That said, there's two things about the situation that bug me greatly:

1) As others have said, it highlights how useless numbers are as summarizing thoughts. It was difficult enough as it is, but 4 feels like an arbitrary thing. Stapleton said he wanted it to be a red flag, but how do you decide which number to use as a red flag? Why not a 0? Why not also an article titled "Don't Buy Prey, It's Broken?" (that would surely reach a lot of eyes fast) I get the idea: that Prey has worth but it falls below recommendation, but trying to sum up "this is a great game, except for this one thing that might be fixed which may or may not effect you at all" with a single integer is a futile task.

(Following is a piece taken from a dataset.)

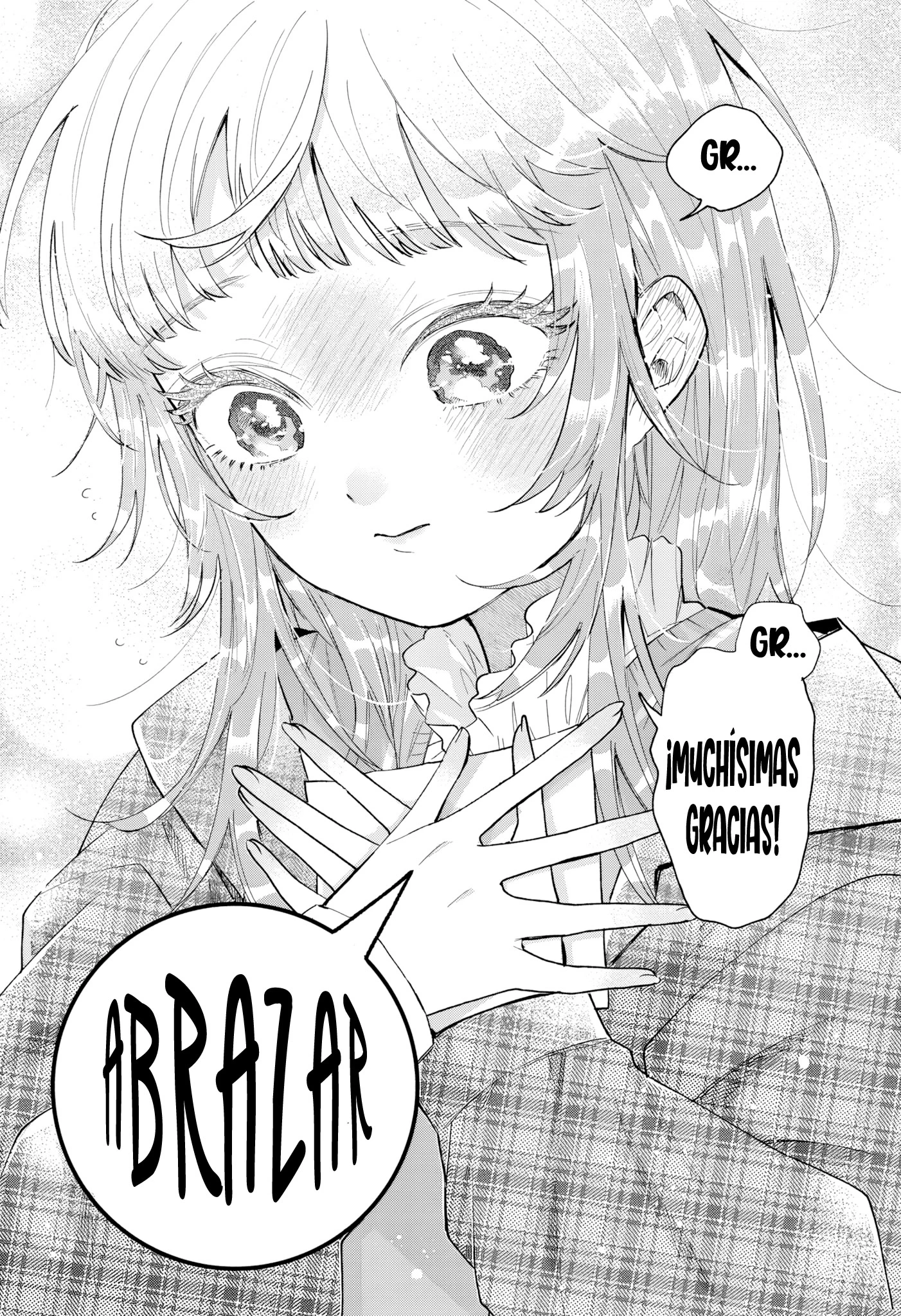 Momose Akira no Hatsukoi Hatan-chuu Capitulo 67 página 20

2) The more annoying aspect is that Stapleton knew that Arkane was working on a patch to be out in days' time. The day before the review and beta patch both went live, IGN themselves published an article saying that Arkane had told them they were aiming within the week, with more details promised for the next day. The next day, Arkane did as promised with the beta patch. I've seen conflicting reports on the exact time frames involved (I've seen "within minutes of each other," that the patch came out slightly after, that the patch came out a short while before, which would certainly change the situation a lot, etc.). Arkane put out the news themselves on Twitter, and their president Raphael Colantonio has personally been spending the last few days tweeting to people affected by bugs to tell them about patches or reassure them that fixes are coming for their problems. IGN had to seemingly be informed that the beta patch was live some time afterward it had already come out, and Stapleton's response was basically (and this is the core thing I find somewhat off) that he's heard companies say patches are going to come soon that don't, so essentially... he assumed that Arkane was lying. The next day I saw him telling someone on Twitter that the patch still wasn't live for everyone several hours after it had come out (and Arkane had once again publicly announced that on their Twitter feed) at which point the other person informed him.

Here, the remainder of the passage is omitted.